Please restate word for word the lines of the entries below from the one with "So we are going" to the one with "To allow them, you", inclusive, and leave out every picture.

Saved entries

══════════════════════════════

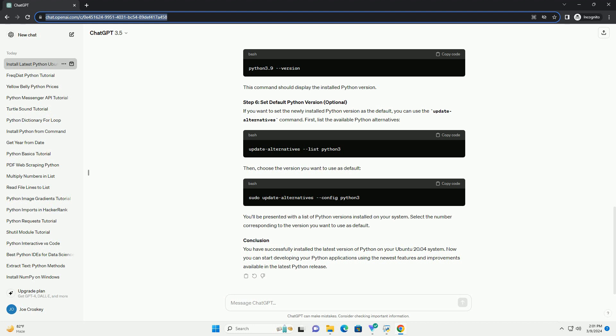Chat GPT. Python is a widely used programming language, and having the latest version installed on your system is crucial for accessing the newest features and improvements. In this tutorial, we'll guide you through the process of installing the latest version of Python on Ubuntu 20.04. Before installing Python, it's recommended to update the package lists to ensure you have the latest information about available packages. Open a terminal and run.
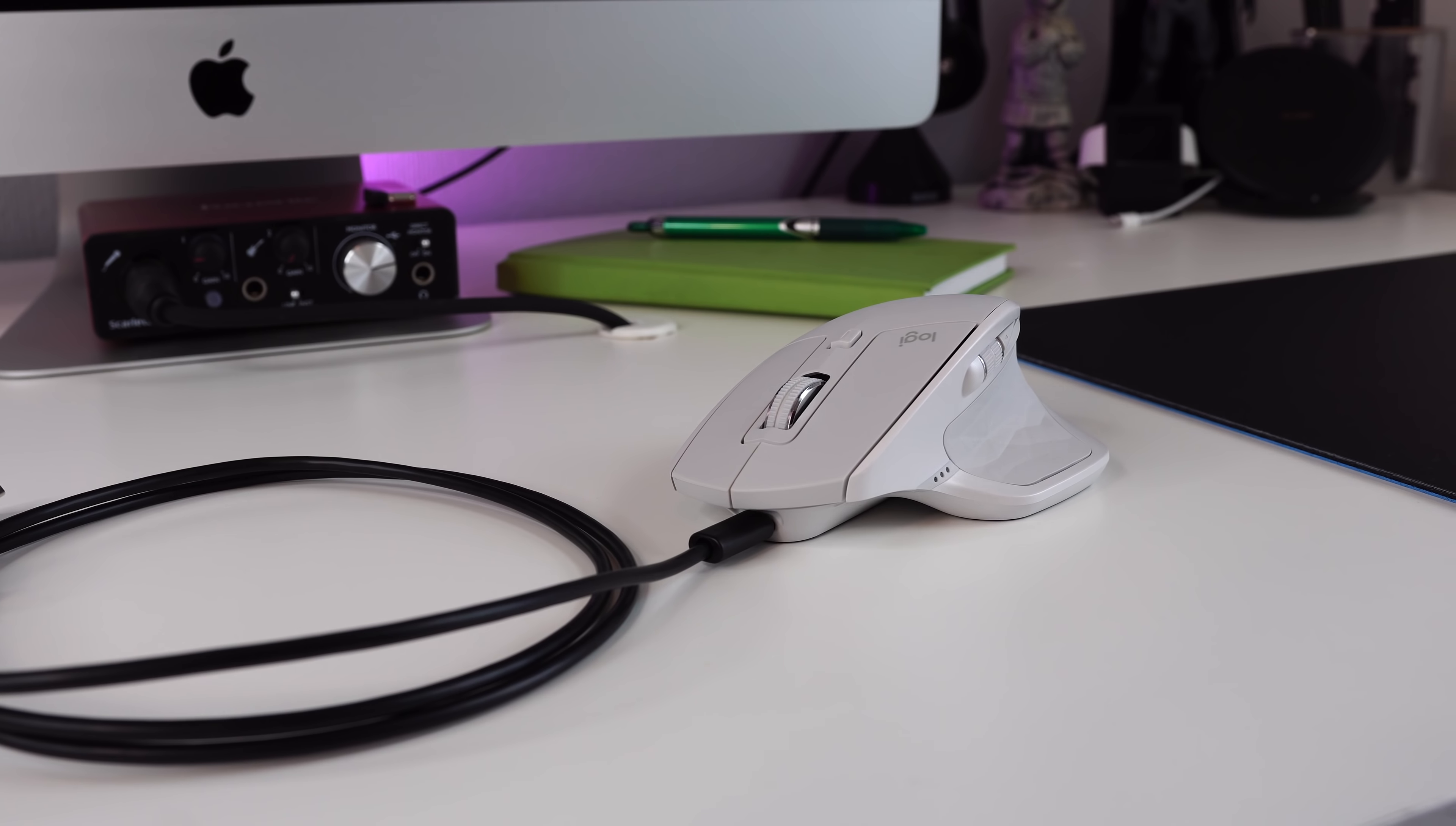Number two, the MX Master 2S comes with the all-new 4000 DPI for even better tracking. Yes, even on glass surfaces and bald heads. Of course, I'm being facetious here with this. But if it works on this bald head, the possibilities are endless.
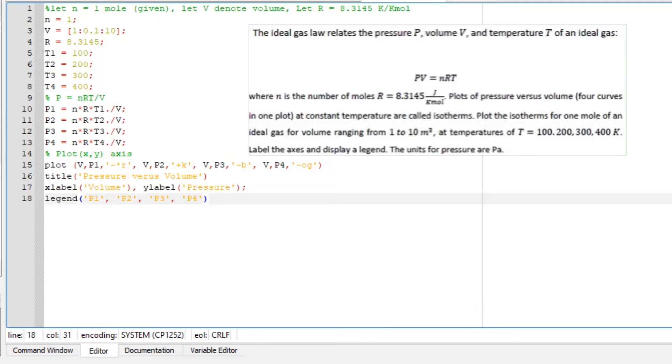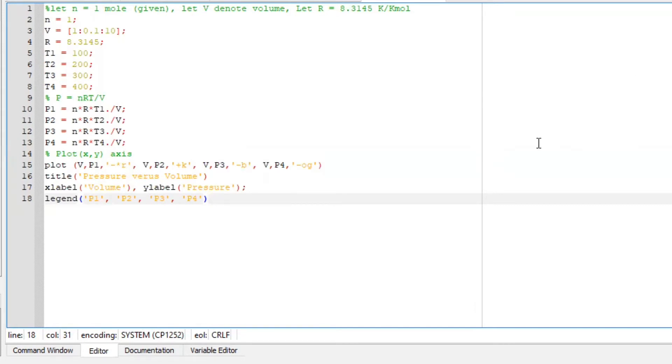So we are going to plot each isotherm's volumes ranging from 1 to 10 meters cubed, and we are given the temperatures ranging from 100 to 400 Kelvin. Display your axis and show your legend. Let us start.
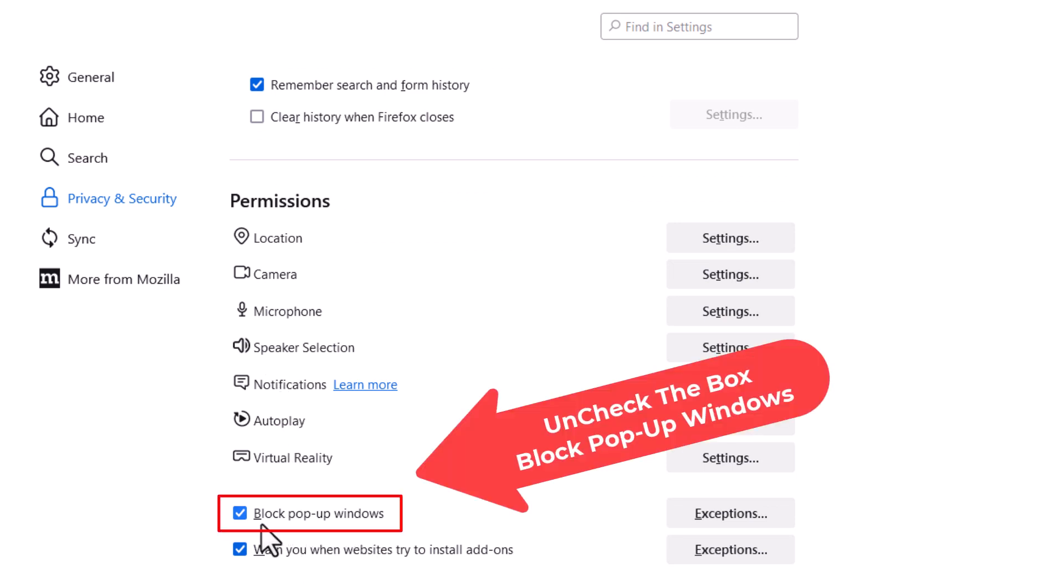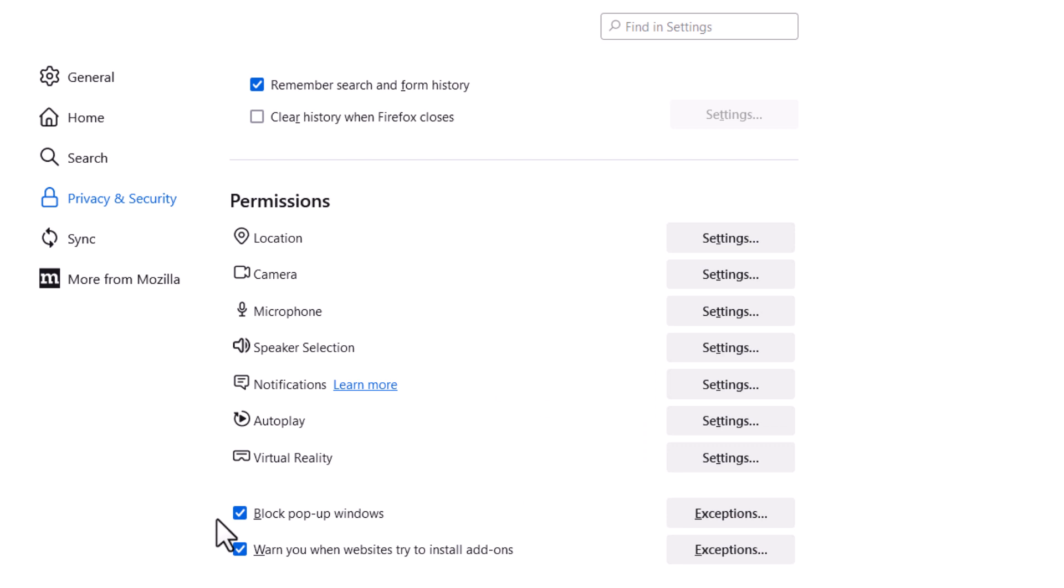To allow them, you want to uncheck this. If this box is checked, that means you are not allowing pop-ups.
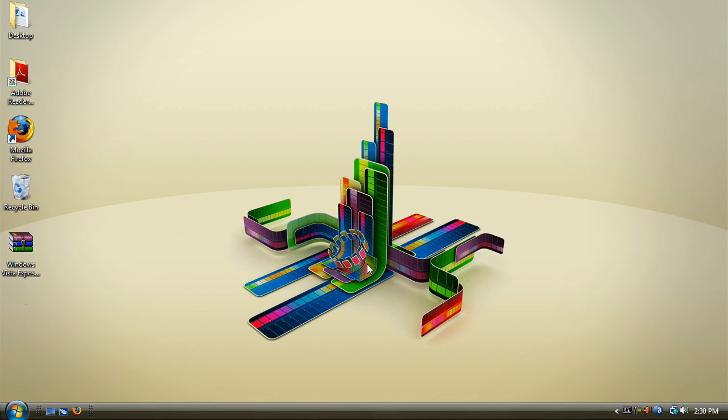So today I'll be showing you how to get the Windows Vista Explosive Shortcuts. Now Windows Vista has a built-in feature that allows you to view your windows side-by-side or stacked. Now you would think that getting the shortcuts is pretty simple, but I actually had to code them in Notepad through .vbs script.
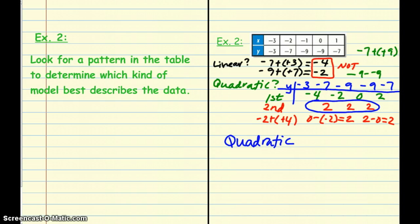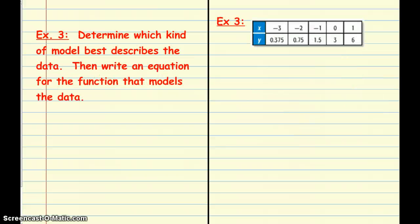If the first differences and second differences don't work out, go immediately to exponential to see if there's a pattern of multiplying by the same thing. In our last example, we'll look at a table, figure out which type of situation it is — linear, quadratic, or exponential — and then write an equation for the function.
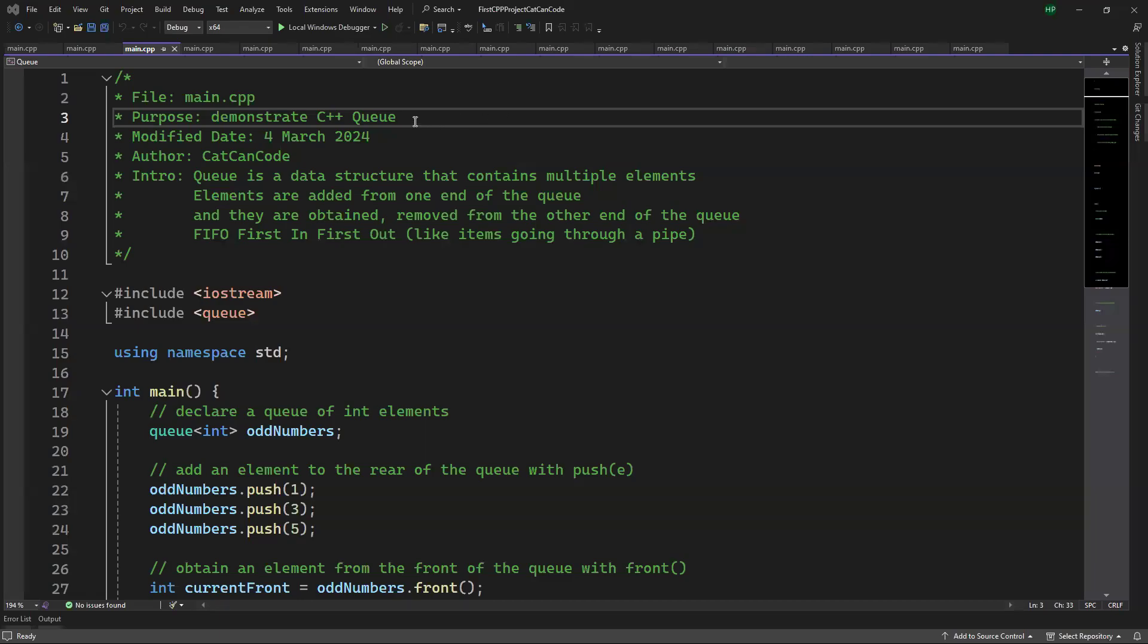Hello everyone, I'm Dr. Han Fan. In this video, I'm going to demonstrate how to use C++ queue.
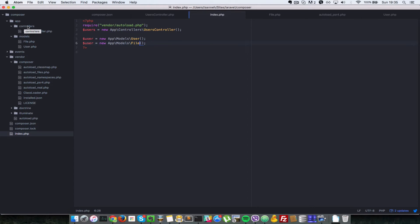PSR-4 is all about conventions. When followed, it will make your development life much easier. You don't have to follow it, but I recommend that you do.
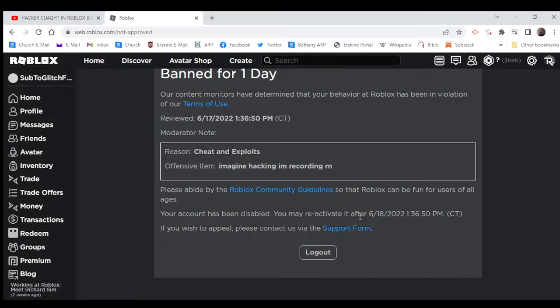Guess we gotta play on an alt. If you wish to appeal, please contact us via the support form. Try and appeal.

══════════════════════════════

Solution to this task:
So we are going to plot each isotherm's volumes ranging from 1 to 10 meters cubed, and we are given the temperatures ranging from 100 to 400 Kelvin. Display your axis and show your legend. Let us start.
To allow them, you want to uncheck this. If this box is checked, that means you are not allowing pop-ups.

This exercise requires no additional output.